** Instructions to follow **
Your response should consist solely of the lines from the one containing "Clearlake, CA 95422,3012 Oak Crest Drive" through the end of the data, copied exactly.

Data: Begin

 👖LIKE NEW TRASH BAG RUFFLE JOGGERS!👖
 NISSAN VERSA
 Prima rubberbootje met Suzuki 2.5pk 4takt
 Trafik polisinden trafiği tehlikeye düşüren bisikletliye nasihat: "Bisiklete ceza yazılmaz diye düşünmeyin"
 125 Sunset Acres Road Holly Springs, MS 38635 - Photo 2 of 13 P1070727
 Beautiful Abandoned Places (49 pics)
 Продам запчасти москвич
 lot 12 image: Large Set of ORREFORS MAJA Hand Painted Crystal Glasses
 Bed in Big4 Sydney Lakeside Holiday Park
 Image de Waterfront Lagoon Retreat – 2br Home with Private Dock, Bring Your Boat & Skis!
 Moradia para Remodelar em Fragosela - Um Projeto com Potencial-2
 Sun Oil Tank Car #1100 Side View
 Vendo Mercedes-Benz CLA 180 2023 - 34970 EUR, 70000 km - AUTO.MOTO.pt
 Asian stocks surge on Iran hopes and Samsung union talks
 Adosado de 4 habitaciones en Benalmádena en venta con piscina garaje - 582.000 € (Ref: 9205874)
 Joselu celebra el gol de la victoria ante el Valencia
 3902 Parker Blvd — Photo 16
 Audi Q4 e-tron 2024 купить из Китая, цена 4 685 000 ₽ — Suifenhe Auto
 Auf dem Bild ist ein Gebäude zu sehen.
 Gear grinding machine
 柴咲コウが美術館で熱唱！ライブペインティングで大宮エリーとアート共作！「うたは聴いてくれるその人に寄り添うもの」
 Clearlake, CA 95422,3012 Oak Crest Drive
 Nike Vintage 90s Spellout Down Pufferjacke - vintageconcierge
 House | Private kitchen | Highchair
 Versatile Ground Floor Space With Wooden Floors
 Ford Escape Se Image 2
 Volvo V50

Data: End

** Answer for the task **
 Clearlake, CA 95422,3012 Oak Crest Drive
 Nike Vintage 90s Spellout Down Pufferjacke - vintageconcierge
 House | Private kitchen | Highchair
 Versatile Ground Floor Space With Wooden Floors
 Ford Escape Se Image 2
 Volvo V50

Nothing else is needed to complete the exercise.